* INPUT DATA:
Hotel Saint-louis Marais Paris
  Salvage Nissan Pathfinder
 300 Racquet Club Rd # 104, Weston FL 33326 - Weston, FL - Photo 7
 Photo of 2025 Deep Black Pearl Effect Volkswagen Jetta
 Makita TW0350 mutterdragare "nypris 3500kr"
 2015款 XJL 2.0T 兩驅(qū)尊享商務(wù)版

* WHAT THIS TASK INVOLVES:
Restate every entry above word for word.

* ANSWER BOX:
Hotel Saint-louis Marais Paris
  Salvage Nissan Pathfinder
 300 Racquet Club Rd # 104, Weston FL 33326 - Weston, FL - Photo 7
 Photo of 2025 Deep Black Pearl Effect Volkswagen Jetta
 Makita TW0350 mutterdragare "nypris 3500kr"
 2015款 XJL 2.0T 兩驅(qū)尊享商務(wù)版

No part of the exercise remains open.